The use of Palestinians as human shields by the Israeli Army in Jenin has been extensively documented, both by human rights organisations and reporters who were on the scene. The report is at its clearest on Israel's blocking ambulances' and medical workers' access to the wounded, a breach of the Geneva conventions.
"There is a consensus among humanitarian personnel who were present that the delays endangered the lives of many wounded and ill," it says.
Miranda Sissons, a co-author of the Human Rights Watch report on Jenin, said: "The UN's report is seriously flawed. It could have done much more and it doesn't move us forward in trying to establish the truth."
America has welcomed it.
"It does confirm what we felt all along, which was that there was no massacre in Jenin," said John Negroponte, the US ambassador to the UN.
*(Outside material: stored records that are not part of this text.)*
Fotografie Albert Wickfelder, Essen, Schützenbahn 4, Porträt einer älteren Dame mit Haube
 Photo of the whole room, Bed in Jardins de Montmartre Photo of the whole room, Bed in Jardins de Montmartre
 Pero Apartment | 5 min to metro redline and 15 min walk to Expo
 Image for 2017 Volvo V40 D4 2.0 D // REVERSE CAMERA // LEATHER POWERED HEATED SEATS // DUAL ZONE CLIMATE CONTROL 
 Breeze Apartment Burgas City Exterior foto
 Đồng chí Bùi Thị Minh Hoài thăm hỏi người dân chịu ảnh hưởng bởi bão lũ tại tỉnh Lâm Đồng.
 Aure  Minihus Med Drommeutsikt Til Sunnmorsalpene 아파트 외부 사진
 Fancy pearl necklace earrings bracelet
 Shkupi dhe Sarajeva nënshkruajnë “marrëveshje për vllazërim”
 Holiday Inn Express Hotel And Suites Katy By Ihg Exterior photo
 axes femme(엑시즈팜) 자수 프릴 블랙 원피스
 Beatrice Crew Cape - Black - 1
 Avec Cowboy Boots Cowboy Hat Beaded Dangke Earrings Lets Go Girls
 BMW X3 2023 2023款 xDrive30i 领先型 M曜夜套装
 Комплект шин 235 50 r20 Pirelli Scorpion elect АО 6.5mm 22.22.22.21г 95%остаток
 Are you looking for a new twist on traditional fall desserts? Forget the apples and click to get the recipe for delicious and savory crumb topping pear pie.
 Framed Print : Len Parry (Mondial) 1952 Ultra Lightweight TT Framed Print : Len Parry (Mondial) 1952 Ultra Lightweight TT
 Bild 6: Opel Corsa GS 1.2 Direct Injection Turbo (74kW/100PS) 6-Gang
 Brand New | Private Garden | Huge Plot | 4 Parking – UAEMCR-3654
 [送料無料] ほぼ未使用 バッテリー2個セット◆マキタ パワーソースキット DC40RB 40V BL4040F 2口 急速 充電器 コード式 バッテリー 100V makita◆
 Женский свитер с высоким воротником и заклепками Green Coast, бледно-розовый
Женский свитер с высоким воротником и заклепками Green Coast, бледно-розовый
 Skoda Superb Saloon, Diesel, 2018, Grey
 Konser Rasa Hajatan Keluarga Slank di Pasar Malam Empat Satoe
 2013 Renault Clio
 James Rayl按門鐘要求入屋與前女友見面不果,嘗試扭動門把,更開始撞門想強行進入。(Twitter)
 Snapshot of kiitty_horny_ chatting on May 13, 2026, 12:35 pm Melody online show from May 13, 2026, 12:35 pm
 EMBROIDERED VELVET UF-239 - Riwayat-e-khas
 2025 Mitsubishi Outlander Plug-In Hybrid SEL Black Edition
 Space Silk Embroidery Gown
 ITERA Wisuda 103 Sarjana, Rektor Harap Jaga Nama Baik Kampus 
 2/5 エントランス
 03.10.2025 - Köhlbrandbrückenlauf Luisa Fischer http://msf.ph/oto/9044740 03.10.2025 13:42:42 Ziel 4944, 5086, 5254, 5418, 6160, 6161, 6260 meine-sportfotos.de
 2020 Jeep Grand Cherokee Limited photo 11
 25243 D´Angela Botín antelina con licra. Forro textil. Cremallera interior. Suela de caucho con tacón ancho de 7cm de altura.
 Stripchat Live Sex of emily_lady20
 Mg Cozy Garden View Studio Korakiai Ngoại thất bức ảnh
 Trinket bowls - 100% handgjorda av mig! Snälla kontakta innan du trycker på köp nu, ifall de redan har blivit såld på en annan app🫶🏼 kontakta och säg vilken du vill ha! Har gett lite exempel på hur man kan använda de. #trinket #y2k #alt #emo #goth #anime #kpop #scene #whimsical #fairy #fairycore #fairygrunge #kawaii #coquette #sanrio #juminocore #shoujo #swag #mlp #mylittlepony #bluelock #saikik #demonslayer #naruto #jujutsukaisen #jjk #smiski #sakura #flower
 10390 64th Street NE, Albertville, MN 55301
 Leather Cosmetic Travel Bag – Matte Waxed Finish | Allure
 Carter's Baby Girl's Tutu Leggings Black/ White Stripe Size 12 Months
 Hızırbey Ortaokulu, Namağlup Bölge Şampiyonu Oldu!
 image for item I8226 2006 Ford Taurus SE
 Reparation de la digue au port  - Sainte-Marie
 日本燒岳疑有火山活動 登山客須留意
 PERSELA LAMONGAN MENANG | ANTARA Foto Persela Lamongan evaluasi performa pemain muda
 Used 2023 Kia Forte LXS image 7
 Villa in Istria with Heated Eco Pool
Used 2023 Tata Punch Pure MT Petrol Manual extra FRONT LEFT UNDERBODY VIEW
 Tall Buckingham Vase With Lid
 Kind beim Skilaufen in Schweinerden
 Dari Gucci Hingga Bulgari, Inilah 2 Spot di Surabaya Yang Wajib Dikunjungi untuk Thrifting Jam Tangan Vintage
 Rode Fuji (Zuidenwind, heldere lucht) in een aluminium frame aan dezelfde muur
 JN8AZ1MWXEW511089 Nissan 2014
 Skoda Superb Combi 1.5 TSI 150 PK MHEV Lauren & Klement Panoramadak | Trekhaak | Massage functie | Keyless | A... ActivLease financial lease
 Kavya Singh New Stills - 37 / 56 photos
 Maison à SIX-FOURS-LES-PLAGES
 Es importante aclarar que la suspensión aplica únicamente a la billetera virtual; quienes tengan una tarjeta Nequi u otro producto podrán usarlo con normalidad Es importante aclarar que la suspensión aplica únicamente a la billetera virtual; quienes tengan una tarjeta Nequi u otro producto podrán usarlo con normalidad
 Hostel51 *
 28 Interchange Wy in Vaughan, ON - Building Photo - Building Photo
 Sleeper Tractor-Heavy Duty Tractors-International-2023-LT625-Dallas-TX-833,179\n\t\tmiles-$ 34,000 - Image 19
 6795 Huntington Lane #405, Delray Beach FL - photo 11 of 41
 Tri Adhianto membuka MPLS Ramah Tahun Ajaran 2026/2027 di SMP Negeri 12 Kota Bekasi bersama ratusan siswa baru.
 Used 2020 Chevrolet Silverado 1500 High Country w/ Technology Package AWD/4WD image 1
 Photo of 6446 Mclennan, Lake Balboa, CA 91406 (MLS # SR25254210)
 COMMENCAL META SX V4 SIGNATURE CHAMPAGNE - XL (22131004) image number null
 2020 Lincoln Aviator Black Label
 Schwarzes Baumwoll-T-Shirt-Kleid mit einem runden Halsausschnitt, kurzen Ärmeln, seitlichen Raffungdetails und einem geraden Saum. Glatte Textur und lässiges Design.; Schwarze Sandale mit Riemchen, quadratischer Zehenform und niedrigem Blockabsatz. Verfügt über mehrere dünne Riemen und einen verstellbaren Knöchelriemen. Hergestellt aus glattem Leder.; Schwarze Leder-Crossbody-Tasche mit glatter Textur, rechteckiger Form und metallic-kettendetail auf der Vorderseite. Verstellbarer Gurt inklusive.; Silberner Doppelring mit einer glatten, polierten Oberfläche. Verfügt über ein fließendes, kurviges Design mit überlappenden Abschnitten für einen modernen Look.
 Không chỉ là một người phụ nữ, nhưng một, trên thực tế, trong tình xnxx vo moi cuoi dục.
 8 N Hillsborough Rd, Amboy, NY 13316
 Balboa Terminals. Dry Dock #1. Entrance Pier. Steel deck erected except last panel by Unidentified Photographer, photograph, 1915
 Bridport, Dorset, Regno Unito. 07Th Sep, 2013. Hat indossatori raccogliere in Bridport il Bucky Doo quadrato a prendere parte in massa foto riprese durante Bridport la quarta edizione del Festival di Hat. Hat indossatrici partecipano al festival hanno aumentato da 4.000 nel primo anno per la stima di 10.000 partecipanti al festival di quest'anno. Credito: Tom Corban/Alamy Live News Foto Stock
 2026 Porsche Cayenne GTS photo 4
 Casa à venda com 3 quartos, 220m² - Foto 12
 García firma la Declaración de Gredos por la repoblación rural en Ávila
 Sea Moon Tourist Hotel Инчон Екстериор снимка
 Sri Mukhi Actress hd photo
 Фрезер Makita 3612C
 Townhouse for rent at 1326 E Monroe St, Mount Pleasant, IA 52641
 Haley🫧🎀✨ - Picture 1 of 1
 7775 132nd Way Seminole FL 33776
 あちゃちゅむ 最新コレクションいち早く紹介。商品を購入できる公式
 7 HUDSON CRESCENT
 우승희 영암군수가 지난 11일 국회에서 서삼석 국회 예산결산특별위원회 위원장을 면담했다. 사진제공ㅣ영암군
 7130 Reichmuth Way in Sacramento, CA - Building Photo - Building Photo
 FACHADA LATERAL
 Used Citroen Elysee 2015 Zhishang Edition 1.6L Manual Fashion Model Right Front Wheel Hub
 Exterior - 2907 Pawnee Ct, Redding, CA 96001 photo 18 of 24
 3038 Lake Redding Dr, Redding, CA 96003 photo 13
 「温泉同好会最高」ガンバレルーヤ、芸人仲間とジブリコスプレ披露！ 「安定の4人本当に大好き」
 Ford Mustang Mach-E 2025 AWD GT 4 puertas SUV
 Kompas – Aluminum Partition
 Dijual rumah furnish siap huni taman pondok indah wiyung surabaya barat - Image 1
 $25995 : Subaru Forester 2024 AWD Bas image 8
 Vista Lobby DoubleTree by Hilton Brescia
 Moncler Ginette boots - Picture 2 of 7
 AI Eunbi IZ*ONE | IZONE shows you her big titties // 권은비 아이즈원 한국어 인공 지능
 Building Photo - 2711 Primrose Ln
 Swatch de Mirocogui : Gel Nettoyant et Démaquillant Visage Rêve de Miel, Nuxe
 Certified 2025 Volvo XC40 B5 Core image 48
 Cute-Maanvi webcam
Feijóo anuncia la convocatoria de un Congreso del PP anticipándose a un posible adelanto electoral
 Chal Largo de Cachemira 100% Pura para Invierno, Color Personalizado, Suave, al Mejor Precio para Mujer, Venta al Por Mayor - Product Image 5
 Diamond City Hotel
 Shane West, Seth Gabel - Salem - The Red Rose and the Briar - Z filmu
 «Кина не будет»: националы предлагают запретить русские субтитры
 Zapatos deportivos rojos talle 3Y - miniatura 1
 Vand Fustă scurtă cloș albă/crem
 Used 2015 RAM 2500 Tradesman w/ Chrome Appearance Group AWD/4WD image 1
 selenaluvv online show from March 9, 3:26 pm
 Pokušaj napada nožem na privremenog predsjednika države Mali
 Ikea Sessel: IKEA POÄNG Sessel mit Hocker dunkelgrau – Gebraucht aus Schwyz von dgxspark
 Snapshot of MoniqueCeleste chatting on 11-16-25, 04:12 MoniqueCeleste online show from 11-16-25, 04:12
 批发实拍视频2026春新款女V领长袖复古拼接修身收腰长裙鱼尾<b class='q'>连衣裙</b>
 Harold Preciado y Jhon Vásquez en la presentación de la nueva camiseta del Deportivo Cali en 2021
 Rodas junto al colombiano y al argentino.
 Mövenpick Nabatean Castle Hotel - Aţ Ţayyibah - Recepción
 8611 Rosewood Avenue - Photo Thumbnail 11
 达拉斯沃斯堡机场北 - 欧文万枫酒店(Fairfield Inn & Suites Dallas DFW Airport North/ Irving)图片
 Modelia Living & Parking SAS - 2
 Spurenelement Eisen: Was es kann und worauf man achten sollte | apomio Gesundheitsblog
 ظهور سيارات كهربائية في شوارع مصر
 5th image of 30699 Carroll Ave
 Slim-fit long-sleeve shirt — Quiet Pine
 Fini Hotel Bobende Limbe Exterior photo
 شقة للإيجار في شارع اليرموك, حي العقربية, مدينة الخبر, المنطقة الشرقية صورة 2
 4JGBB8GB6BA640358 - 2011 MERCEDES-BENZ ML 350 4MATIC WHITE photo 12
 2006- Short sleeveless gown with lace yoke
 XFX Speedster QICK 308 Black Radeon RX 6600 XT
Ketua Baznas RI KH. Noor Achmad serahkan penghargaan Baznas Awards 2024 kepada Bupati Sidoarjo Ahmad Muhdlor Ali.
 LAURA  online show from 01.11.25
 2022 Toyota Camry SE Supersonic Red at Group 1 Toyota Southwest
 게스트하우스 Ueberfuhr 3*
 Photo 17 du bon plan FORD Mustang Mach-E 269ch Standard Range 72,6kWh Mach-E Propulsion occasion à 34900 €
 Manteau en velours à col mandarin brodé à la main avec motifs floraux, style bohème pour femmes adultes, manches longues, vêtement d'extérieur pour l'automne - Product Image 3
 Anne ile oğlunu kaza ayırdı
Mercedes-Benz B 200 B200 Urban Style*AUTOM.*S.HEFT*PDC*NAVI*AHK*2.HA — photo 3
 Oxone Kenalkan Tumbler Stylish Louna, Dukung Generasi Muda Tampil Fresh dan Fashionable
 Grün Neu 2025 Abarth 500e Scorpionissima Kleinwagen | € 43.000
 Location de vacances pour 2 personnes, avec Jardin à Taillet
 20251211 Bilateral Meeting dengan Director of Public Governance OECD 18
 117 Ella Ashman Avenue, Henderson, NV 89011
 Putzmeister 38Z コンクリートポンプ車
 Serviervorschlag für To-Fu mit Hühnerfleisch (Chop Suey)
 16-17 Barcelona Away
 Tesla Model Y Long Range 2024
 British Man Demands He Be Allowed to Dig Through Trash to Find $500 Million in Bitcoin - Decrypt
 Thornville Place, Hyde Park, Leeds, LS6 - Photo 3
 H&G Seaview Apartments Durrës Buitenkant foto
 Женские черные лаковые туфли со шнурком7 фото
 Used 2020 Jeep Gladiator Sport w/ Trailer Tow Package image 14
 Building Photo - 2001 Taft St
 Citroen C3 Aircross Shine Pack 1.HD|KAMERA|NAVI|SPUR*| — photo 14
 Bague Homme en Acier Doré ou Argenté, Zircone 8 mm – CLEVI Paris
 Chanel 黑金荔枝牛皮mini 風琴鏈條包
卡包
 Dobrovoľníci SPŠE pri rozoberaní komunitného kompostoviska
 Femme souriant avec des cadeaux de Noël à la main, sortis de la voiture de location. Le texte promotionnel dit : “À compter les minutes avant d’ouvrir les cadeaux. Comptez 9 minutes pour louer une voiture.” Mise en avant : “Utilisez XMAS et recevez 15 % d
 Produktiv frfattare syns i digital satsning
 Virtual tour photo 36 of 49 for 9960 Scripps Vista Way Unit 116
UN Secretary-General Kofi Annan said: " ... I think it is clear that the Palestinian population have suffered and are suffering the humanitarian consequences which are very severe."
Palestinian Cabinet Minister Nabil Shaath called the survey an important step. "I know it doesn't satisfy everybody and it wasn't done in the way it should have been done.
"But still it identified what happened in Jenin as a war crime."